Assigned task
Output, word for word, the lines of this listing that fall between the line with "foto posisi tengah" and the line with "taschenanhaenger-maeppchen-gruen-leder-1", counting both of those lines, and no others.

Exercise material
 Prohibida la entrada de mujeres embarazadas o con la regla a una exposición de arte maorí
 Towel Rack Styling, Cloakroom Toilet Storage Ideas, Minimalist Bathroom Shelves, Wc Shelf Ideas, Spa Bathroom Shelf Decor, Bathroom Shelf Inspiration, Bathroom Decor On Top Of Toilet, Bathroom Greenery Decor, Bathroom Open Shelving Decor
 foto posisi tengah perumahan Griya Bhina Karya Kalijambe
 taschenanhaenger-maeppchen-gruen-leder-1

* * *

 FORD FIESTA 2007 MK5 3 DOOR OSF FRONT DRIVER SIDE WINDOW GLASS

Task response
 foto posisi tengah perumahan Griya Bhina Karya Kalijambe
 taschenanhaenger-maeppchen-gruen-leder-1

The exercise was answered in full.